The al-Qaeda-linked Islamist al-Shabab group has been waging a war in Somalia for nearly a decade. Its depredations have spilled over into neighboring countries, propelling Kenya and Uganda to send ground troops to contain the threat and uproot al-Shabab from inside. The battalion is now known as the African Union Mission of Somalia, or AMISOM. After years of relentless pursuit, it has started crushing the Islamist group from region to region, pushing al-Shabab militants into the bush.
But al-Shabab’s latest outrages — a truck bomb at the Turkish Embassy in Mogadishu, the assault of a UN compound, the storming of government buildings and the escalating assassinations of government officials, district commissioners and other politicians — illustrate that, after years in retreat, al-Shabab is re-emerging and conducting a more lethal and asymmetrical guerrilla form of warfare.
This is where al-Shabab's gravest threat lies.
Over the last two years, the group has suffered severe setbacks and lost some of its major strongholds, including the embattled port of Kismayo and most of its southern swaths. Most of its top leaders were killed, and many of its foot soldiers defected to the government side.
But yet, if you look at the latest evolution of al-Shabab — from the recent internal splinter to the bloody coup by hard-line leaders — there is a clear pattern of a reformed al-Shabab, one committed to come back and rebrand the organization’s moribund character.
That is to say, an updated al-Shabab — sort of a version 2.0 — is reappearing with upgraded leadership.
In a recent audio message, Ahmed Godane, al-Shabab’s operational brain, made it clear that he is determined to reverse the organization’s plummeting operations. That includes, as he put it, plans to install a whole new generation who can interact with fast-moving jihadist warfare.
Unlike al-Shabab 1.0, the upgraded al-Shabab is likely to have new recruiters — mostly youths, under 30, who have exposure to the West and are fluent in foreign languages, to appeal to coming generations. This seems evident in new footage released by al-Shabab featuring three young Somali-Americans who died while waging war. The video “The Path to Paradise: From the Twin Cities to the Land of Migration” is part of al-Qaeda-approved propaganda messages to appeal to the next generation.
Godane’s hour-long audio message was the first since his recent coup d’etat that involved the execution of senior al-Shabab leaders — including Ibrahim Afghani and also, reportedly, the US-born Omar Hammaami. The message demonstrated Godane’s role in consolidating and providing new leadership to al-Shabab.

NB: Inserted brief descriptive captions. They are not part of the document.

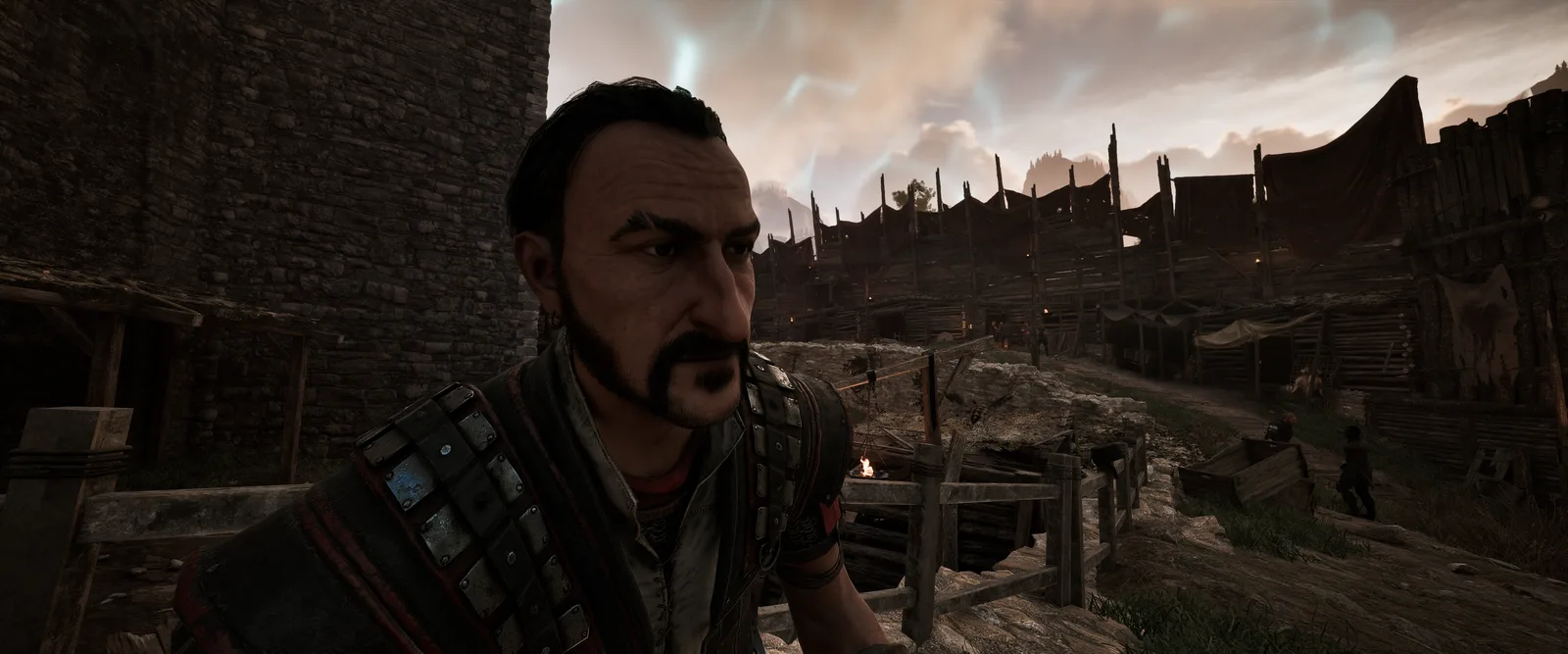 Diego in the outer ring of the Old Camp, behind it huts and the palisade, Gothic 1 Remake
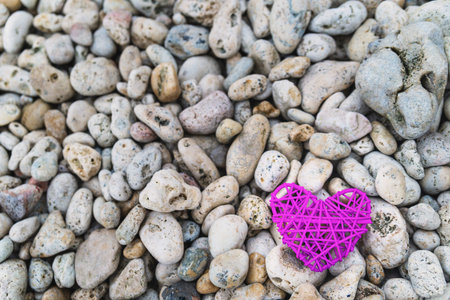 Purple knitted heart on a rocky beach coast, romantic background, space for text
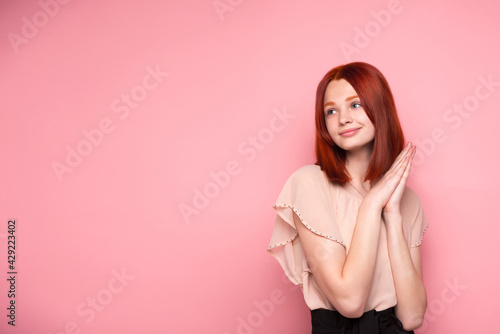 The red-haired girl is bright  sweet and gentle. On a pink solid background. Transparent healthy skin.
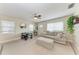Bright living room with neutral colors, ceiling fan, and ample seating for comfortable living at 5732 Beneva Rd, Sarasota, FL 34233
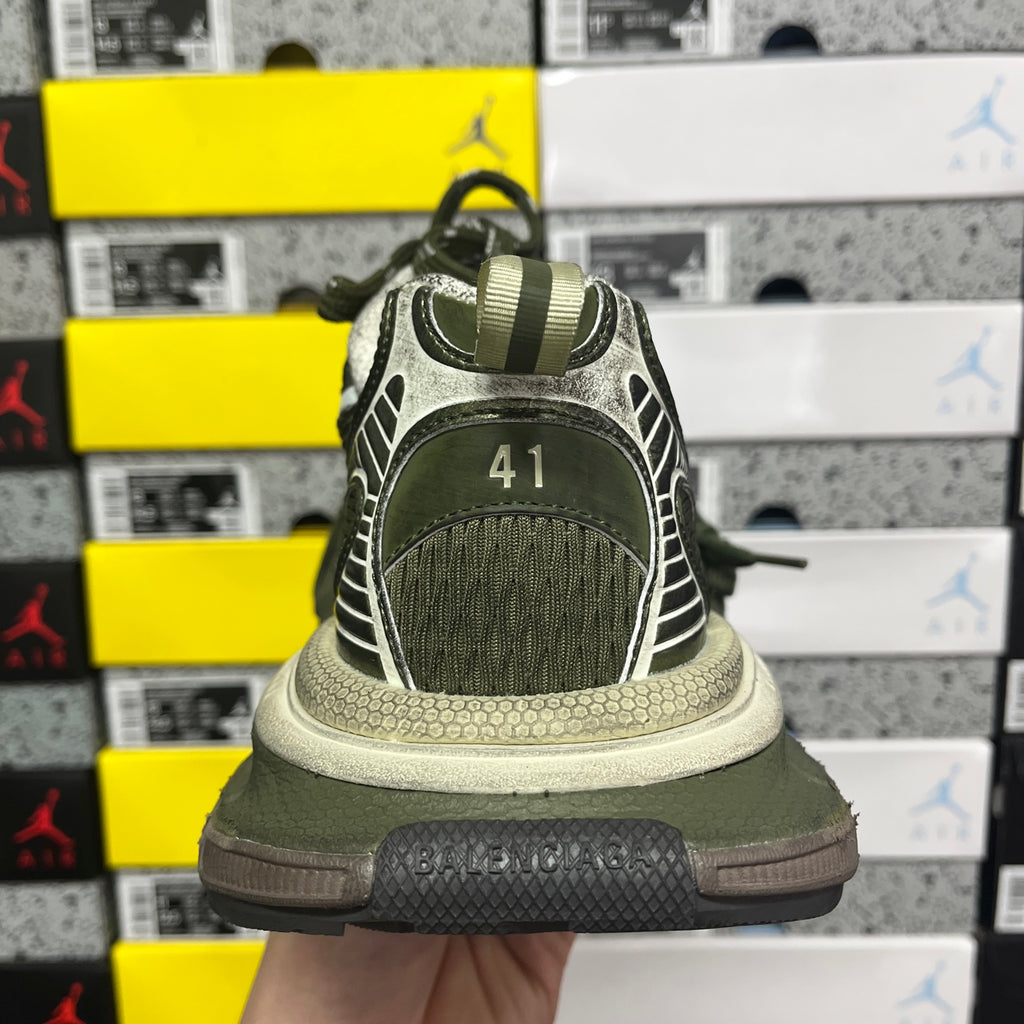 Green sneaker heel view with BALENCIAGA branding on the heel panel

Though much of his message was devoted to the martyrs, he also touched upon global issues, including America’s expending war on terror and Kenya’s invasion of Somalia. But more oddly, he mentioned the Al Jazeera Center for Studies and the Rand Corp. as leading global publishers of anti-jihadist propaganda.
Prior to Godane’s coup, al-Shabab had a relatively centralized leadership, with decisions often made in top-down hierarchical fashion. But following the coup, al-Shabab is on new trajectory being written and dictated by Godane, who seems to believe that the coup was a structural change offering a new beginning for the organization and, more crucially, reassuring global jihadists that no divisions exist within al-Shabab.
With Godane in absolute power, al-Shabab’s support base across the country is drastically declining overall, but succeeding in appealing once again to its core constituencies, especially where it has strong clan sympathies. A case in point is the Bay and Bakool region, where al-Shabab has regained control of some key districts and continues to recruit in greater numbers.
It is believed that the diffuse and complex organization has a highly centralized authority but loosely decentralized operations. Many believe its focus has narrowed down to the near enemy — the Somali government, AMISOM, Turkey and their affiliates — instead of the far enemy such as Kenya, Uganda and the West. The attack on the Turkish Embassy may be a subtle manifestation of al-Shabab’s desperation to go after the enemy within, rather than without.
In this way, al-Shabab is dialing up its domestic attacks, and dialing down its external ones.
Even though Godane would like to see al-Shabab thrive on its own terms, he will continue to heavily relay on al-Qaeda's ideological guidelines and financial assistance; al-Shabab is said to be in severe financial straits.
Unfortunately, the government in Mogadishu, backed by the United States, is institutionally weak and has very limited capability to contain the threat of al-Shabab. Its own security apparatus is being penetrated — literally every day — and the government is grappling for its own survival.
That leads to the conclusion that al-Shabab is a more dangerous enemy to Somali’s nascent stability than ever before.